Posted by Kara Parker on February 14, 2012 in 5 Homework/Enrichment, Class Routines, Most Popular

So one day a few years back, I was watching the show “The Real World” while lesson planning. I thought about how boring workbook pages are for homework. They just copy someone’s answer during breakfast or before class anyways. Their tag line “find out what happens when people stop being polite and start getting real…” made me think. What if homework was “real?” What would that look like?  So then the Real World Homework was created!

I went to the coffee shop to meet my friend Rachel C. and the ideas started flowing! So for the food unit, they can bring in a box with cooking directions in TL (target language), print a recipe in TL, try a TL restaurant, order in TL, bring in a dish, find a TL song with 3 food words, etc. We tried to vary the modes and the multiple intelligences on the tasks.

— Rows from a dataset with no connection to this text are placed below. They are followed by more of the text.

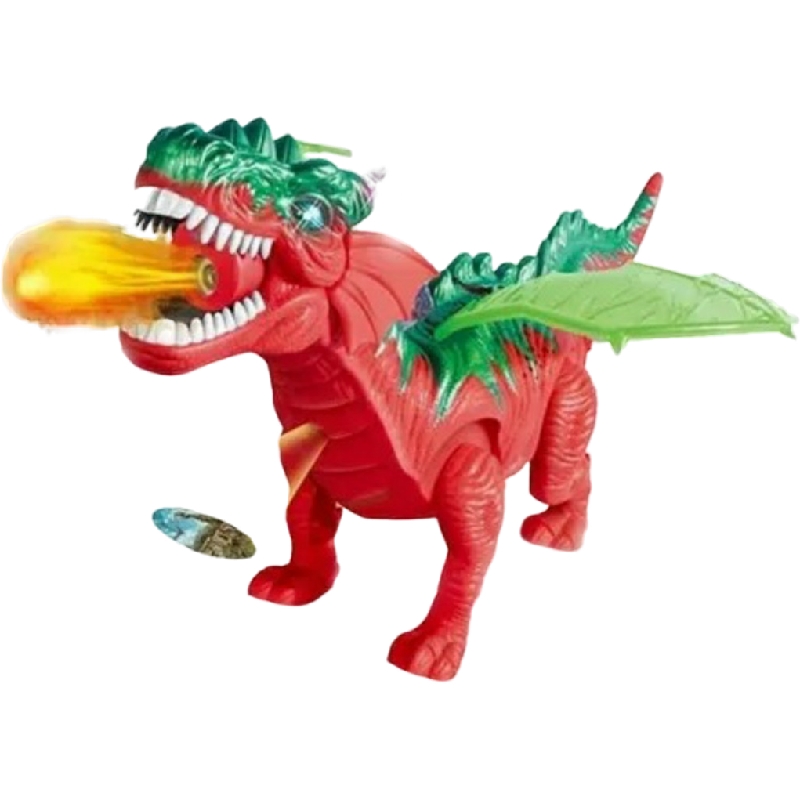 Dinosaurio Naranja Con Proyector Y Pone Huevos Camina Luces Y Sonido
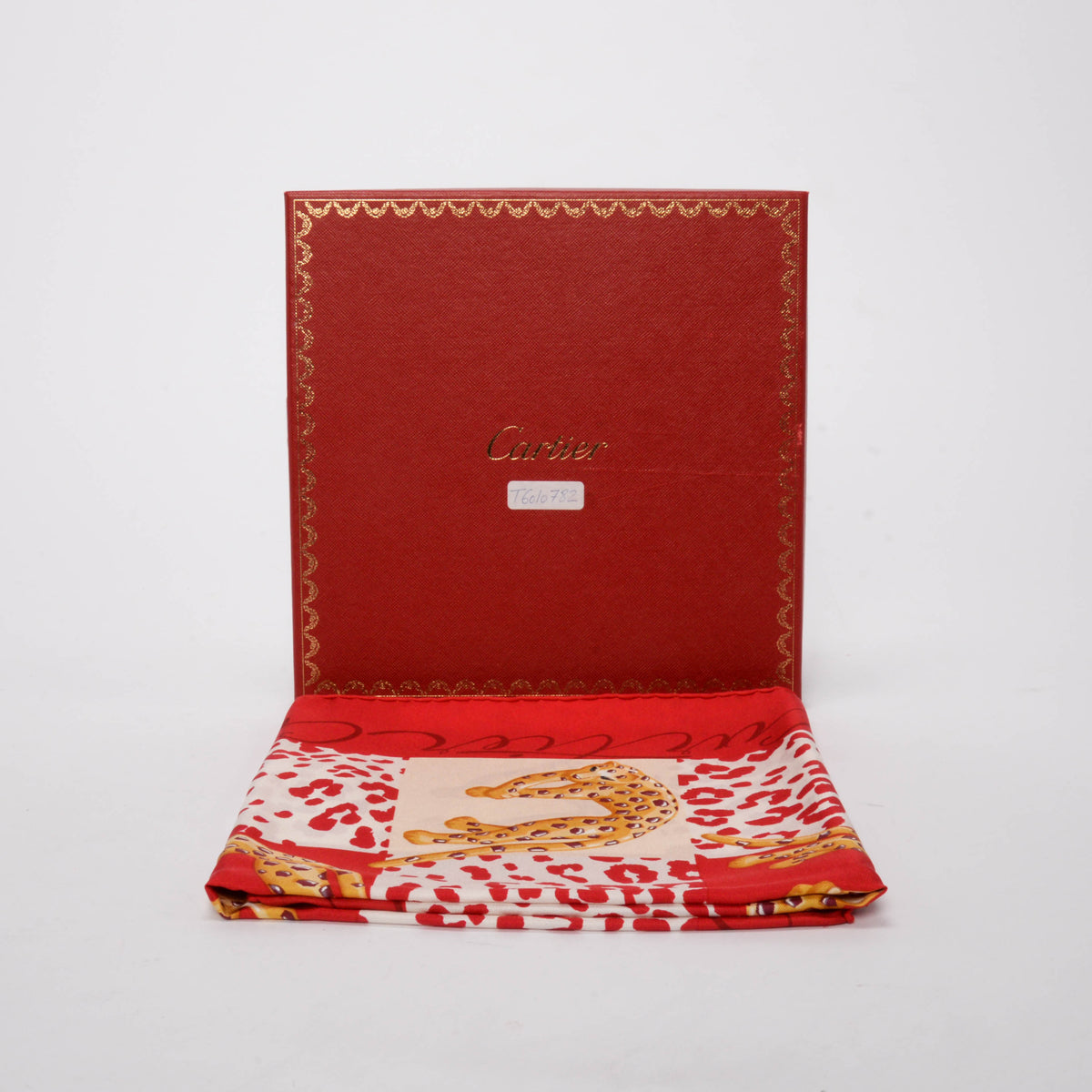 Cartier Red Silk Panther Print Scarf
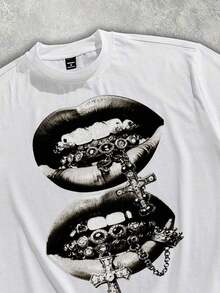 100% Cotton Suitable For All SeasonsManfinity  Men's Lip Print Round Neck Short Sleeve Cropped Loose T-Shirt Mouth Graphic Tee Streetwear180g 100% Cotton - 白2 - 查看 2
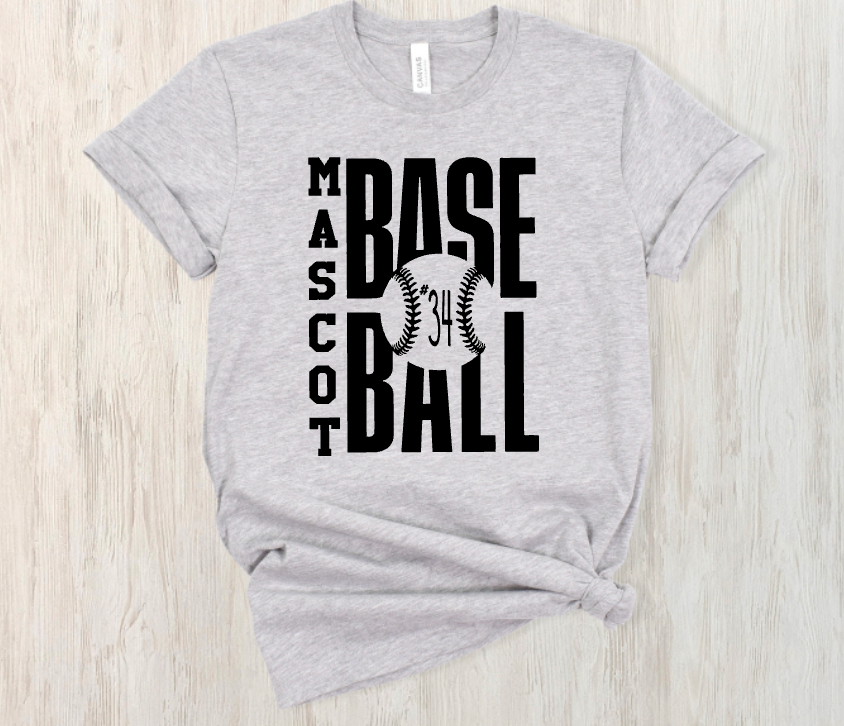 (YourTeam) Baseball Tall Stack (include team name, number and up to 2 colors in personalization box)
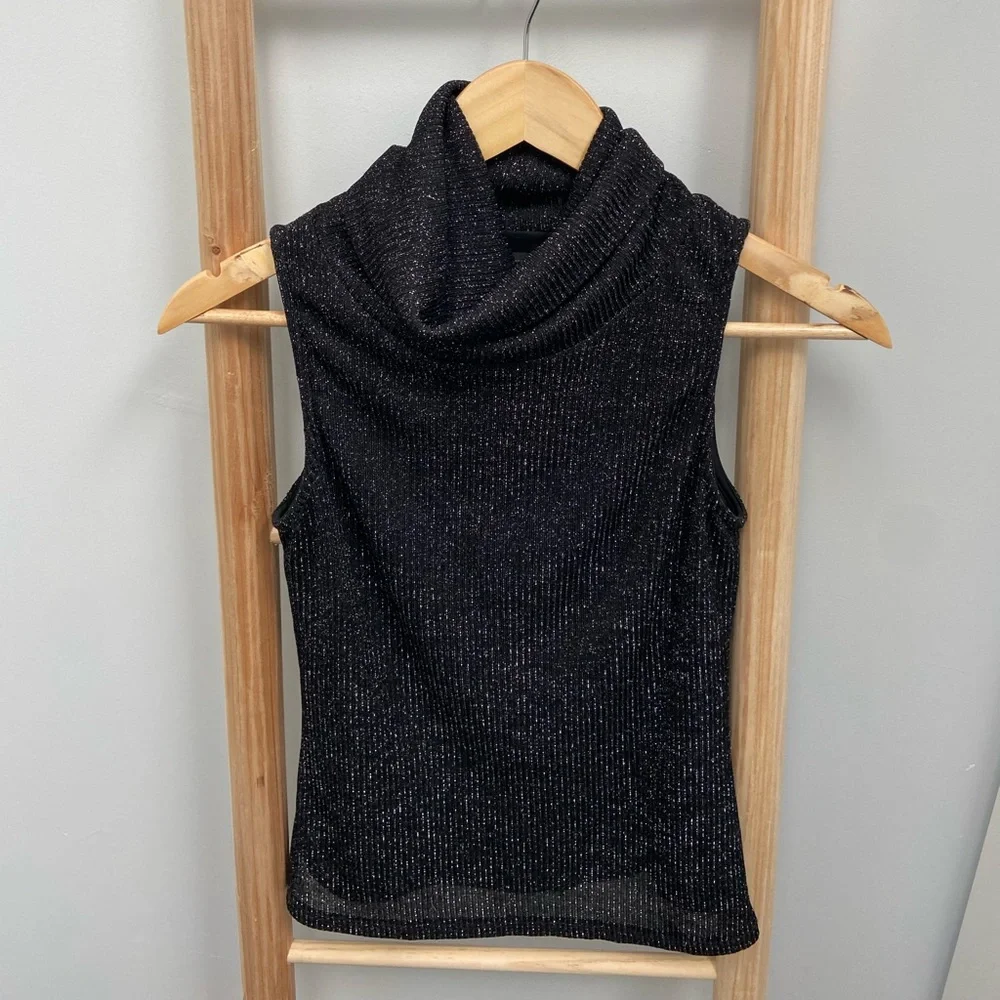Forever New Black Turtle Neck Tank Top Sparkle Glitter Size 8 Party - Picture 2 of 4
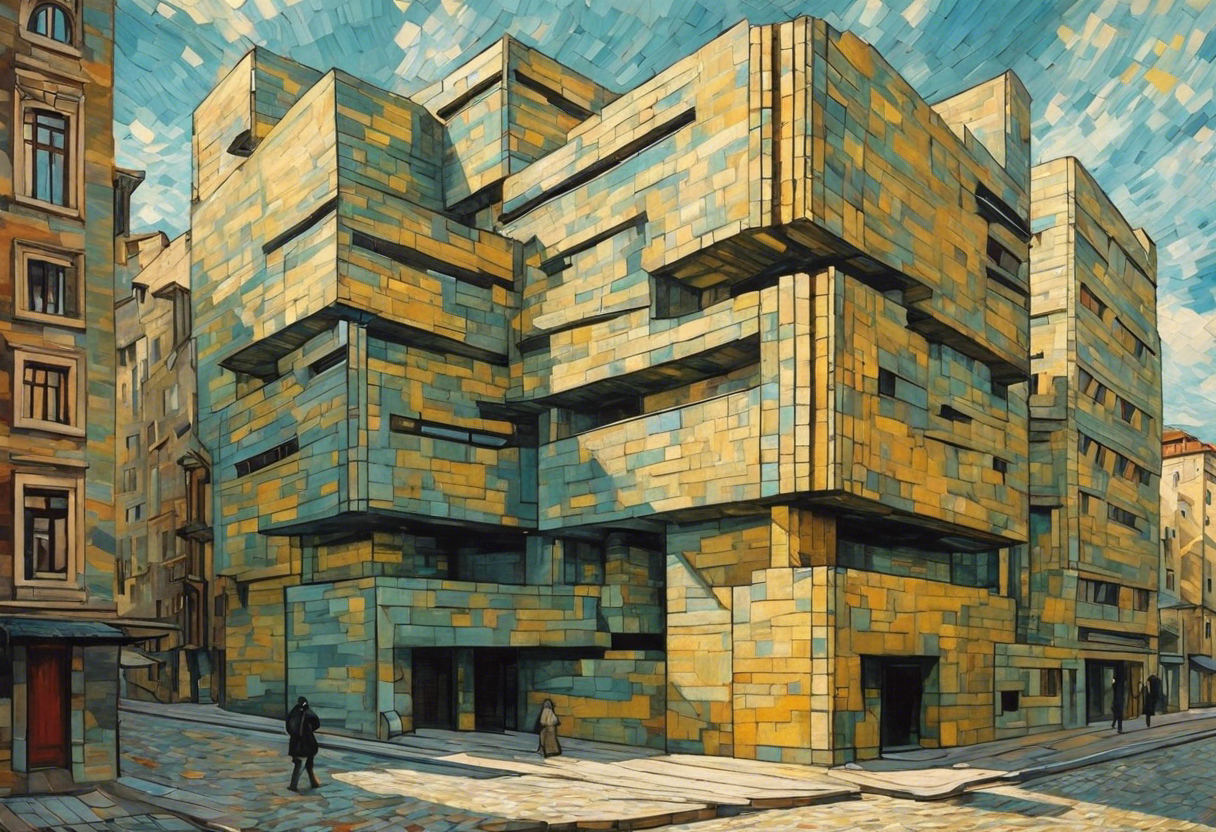 Affiche IA - Vincent Van Gogh, Architecture brutaliste, ville - 4061858716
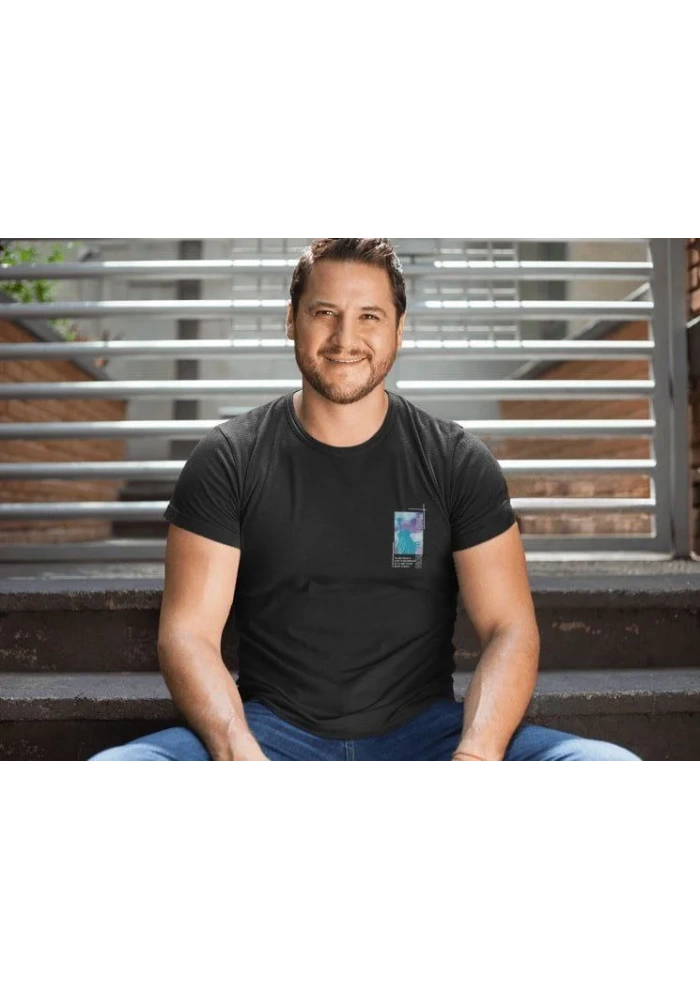 Erkek Bisiklet Yaka Baskılı Oversize T-Shirt - Siyah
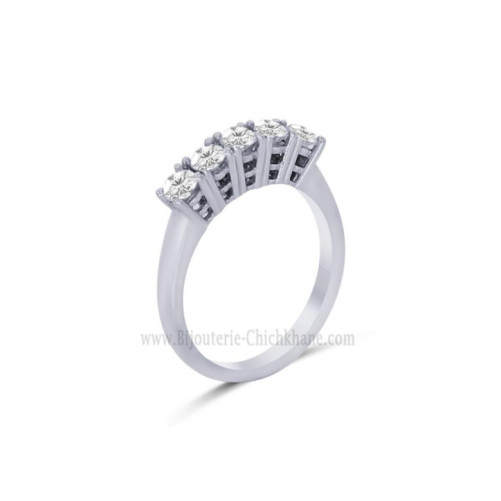 Alliance femme en Or Blanc 18 Carats Ref 62996 | Chichkhane
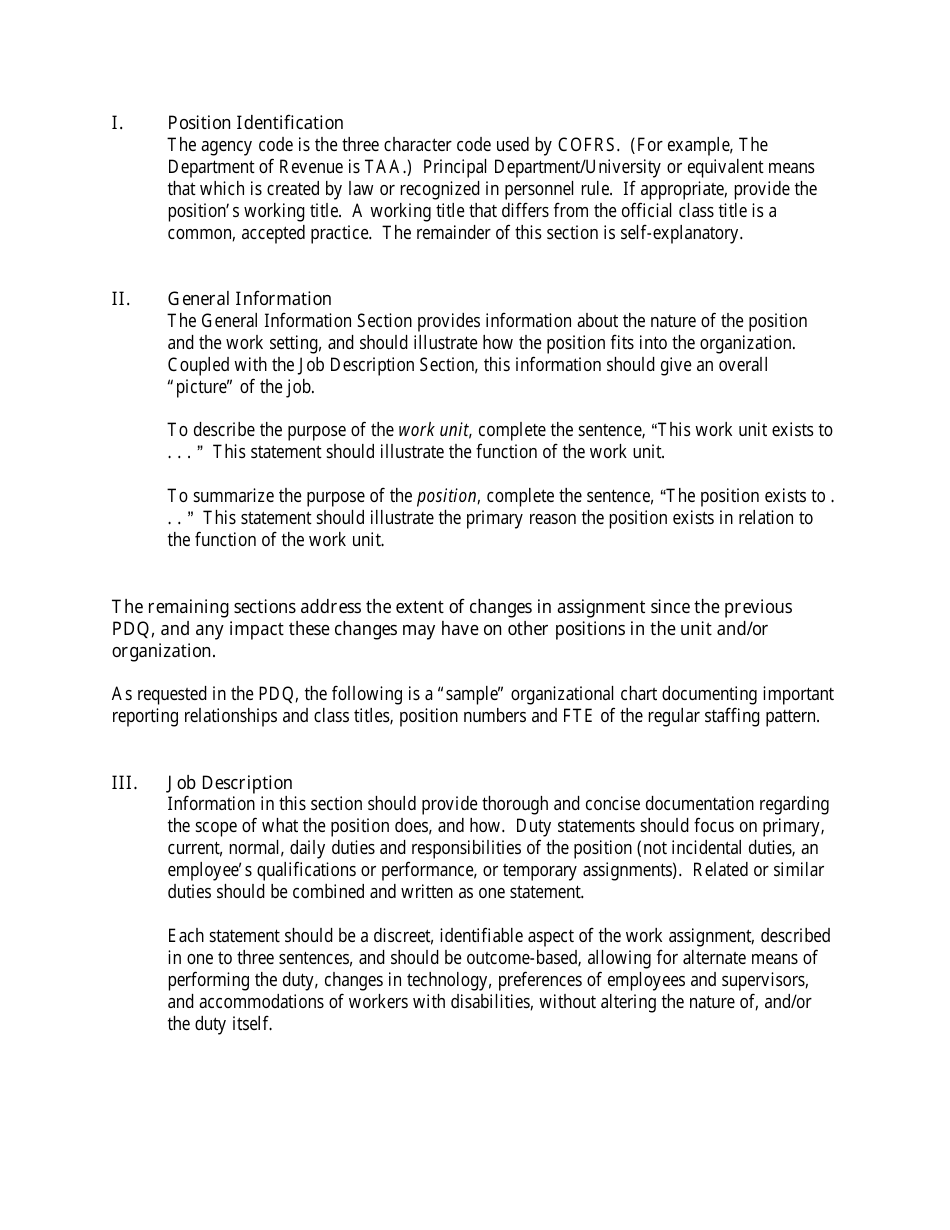 Position Description Questionnaire (Pdq) Instructions - Colorado, Page 2
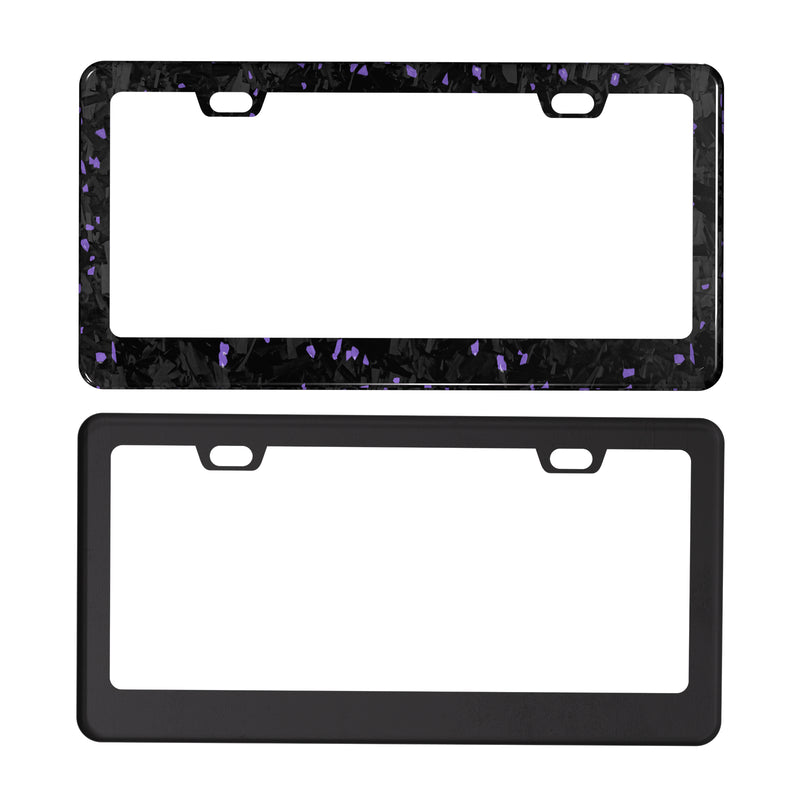Real Forged Carbon Fiber With Purple Flake License Plate Frame | 2pcs in 1
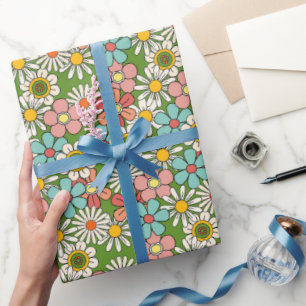 Papier Cadeau Retro Hippie Super Fleur Bonjour Trente Anniversai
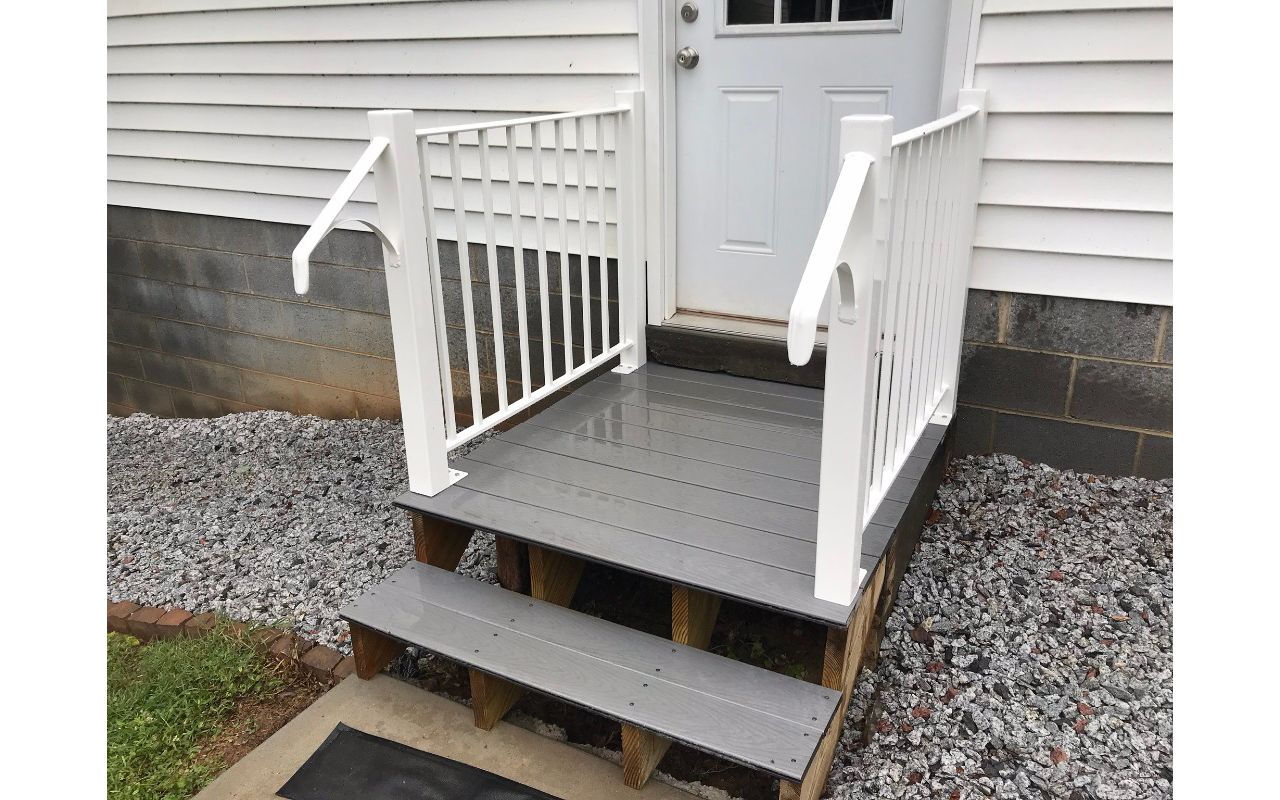 Trex Select Pebble Grey porch is a split resistant welcome home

We realized that students were finding the resources that we spent hours finding! Brilliant.

Real World

Next we added some student choice. We said that they only had to do 5 of the 10 activities. Also we put blank boxes so students can add their own ideas after approval. Talk to your Cuban neighbor about the foods he loves? Sure!

Finally we made a system to organize it and add a dash of fun: stamps. I have all kinds of Spanish ones! The homework is formatted where I stamp it after they show it to me (usually during independent work time). It’s either completed, or not. No “grading” right or wrong! It is due by the end of the unit, or sometimes I’ll say I need a certain one done by a date so I can use them in class the next day. Sneaky, huh? 🙂 It also has helped when a student finishes early in class. Now they have something they can work on independently.

I assign it at the beginning of the unit and decide how many they need to complete (usually 5 or so). Since it’s due on the last day of the unit, I like to have a stations day to review and practice right before the summative unit assessment. I set up one station to be me to check their Real World’s. I love having this time to chat with them about what they found.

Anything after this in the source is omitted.